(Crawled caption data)
◇ ◇ ◇ ◇ ◇

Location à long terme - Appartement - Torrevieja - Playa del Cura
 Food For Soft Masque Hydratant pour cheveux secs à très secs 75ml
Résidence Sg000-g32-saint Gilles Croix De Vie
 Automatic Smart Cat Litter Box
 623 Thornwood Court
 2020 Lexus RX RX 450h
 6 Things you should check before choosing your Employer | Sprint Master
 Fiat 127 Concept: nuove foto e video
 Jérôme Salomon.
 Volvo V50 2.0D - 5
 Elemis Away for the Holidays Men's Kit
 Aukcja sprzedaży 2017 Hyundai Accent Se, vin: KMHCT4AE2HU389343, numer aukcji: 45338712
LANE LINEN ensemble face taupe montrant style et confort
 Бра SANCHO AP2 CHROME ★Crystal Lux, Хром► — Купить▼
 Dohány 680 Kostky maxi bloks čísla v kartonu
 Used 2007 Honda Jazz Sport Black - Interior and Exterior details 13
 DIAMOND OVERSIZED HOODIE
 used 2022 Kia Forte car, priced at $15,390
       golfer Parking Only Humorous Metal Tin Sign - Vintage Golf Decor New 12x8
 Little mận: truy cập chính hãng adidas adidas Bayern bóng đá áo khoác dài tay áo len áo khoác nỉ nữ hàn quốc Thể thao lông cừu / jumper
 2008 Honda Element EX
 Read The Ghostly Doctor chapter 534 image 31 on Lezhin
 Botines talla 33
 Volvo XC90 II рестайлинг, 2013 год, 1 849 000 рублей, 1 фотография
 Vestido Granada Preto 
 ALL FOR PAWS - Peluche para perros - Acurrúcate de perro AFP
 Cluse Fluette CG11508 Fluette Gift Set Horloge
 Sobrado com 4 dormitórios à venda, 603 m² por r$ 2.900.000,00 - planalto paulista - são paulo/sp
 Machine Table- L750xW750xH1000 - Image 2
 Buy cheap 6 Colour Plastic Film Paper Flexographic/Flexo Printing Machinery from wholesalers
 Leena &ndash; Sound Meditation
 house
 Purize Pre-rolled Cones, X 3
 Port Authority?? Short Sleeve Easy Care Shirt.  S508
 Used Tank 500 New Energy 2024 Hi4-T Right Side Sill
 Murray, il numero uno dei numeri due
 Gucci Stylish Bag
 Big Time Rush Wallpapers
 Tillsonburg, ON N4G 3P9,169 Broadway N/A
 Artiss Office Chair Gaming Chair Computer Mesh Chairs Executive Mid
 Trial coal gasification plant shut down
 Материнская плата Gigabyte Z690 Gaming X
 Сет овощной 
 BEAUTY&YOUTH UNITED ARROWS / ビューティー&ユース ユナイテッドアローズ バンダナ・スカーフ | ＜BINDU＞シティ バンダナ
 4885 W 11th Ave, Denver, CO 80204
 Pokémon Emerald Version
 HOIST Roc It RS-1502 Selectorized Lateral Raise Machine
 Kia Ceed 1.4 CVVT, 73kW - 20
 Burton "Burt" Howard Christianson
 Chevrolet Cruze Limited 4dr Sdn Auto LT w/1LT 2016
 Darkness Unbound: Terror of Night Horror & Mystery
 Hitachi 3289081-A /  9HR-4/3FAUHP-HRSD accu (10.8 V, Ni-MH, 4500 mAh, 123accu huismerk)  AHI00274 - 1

◇ ◇ ◇ ◇ ◇

=== PROBLEM STATEMENT ===
Among the lines of the data, some may contain the string "Honda"; report how many, and nothing more.

=== SOLUTION TO THE EXERCISE ===
2